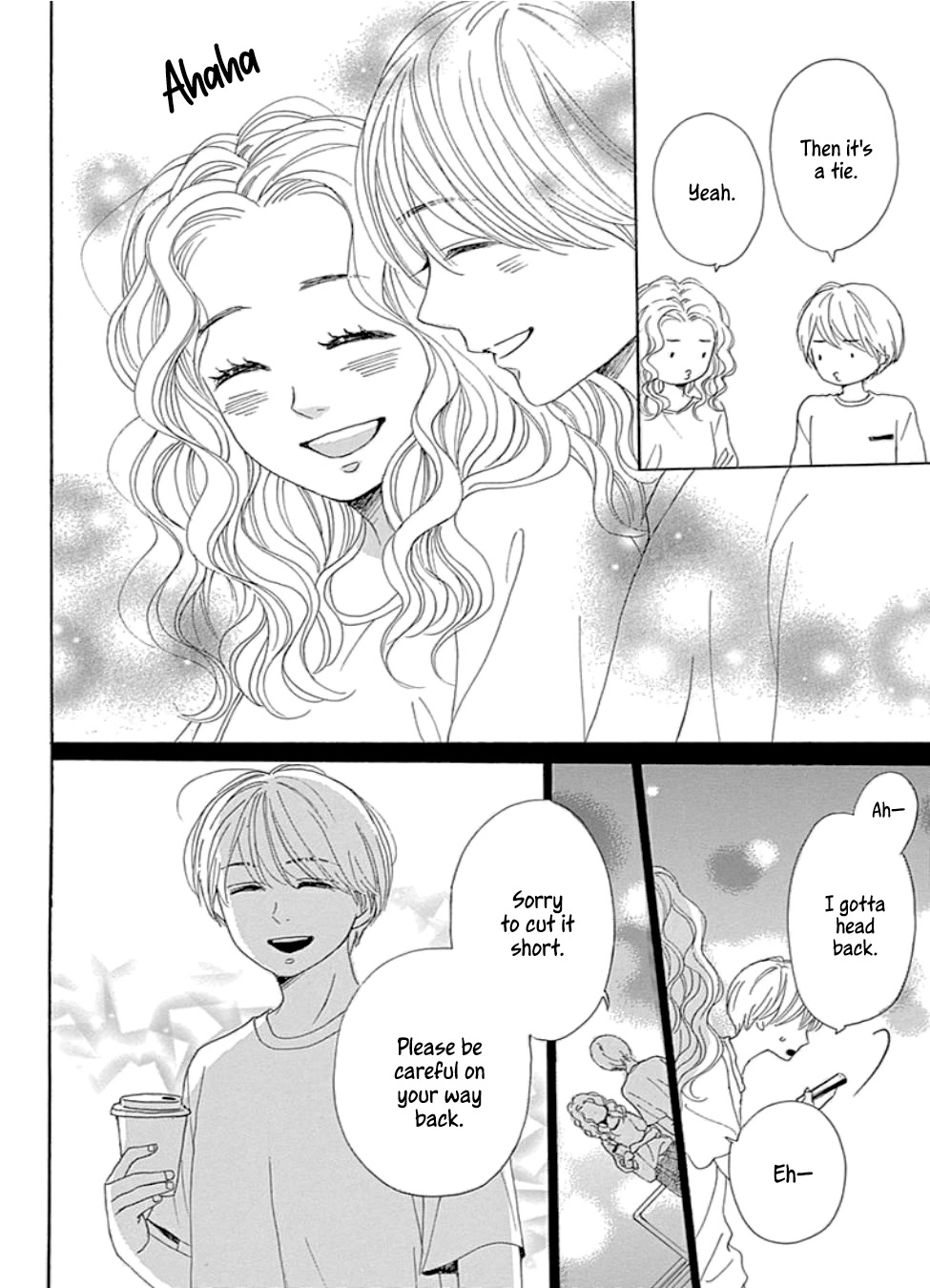 Please Love the Useless Me Returns Chapter 21 page 32 - Chapter 21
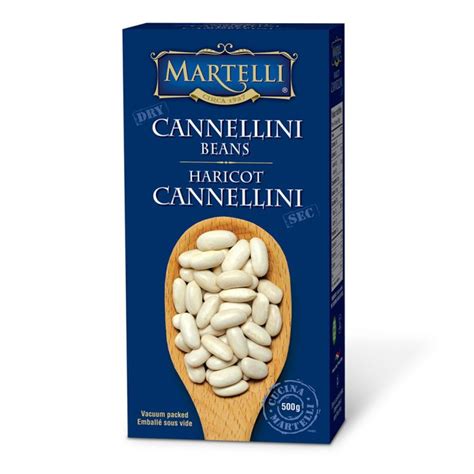 Martelli Dry Cannellini Beans Martelli Foods Inc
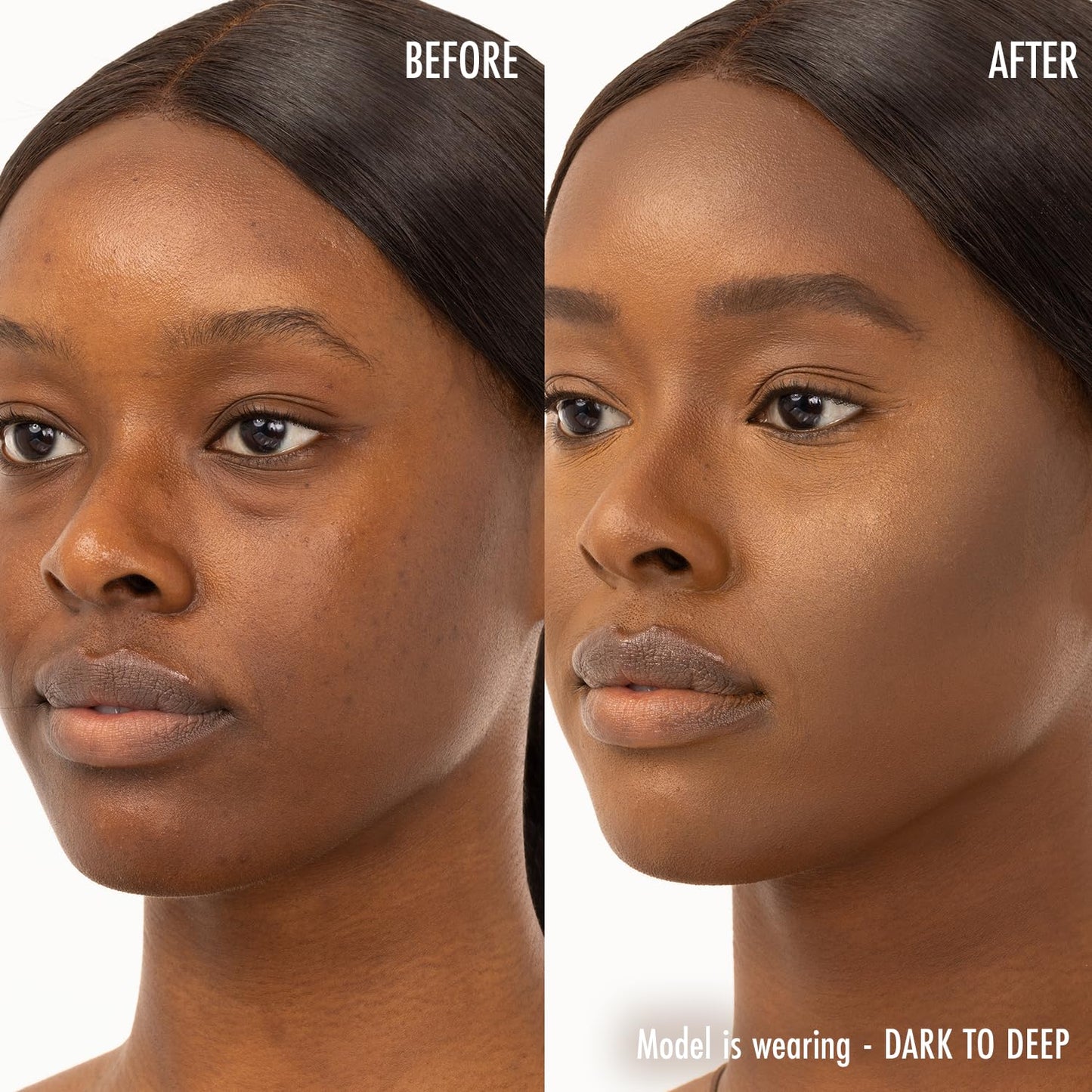 Black Radiance True Complexion Contour Palette, Dark To Deep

*What the task asks*
Reproduce the data exactly, please, and omit its pictures.

*Response to this exercise*
 Please Love the Useless Me Returns Chapter 21 page 32 - Chapter 21
 Martelli Dry Cannellini Beans Martelli Foods Inc
 Black Radiance True Complexion Contour Palette, Dark To Deep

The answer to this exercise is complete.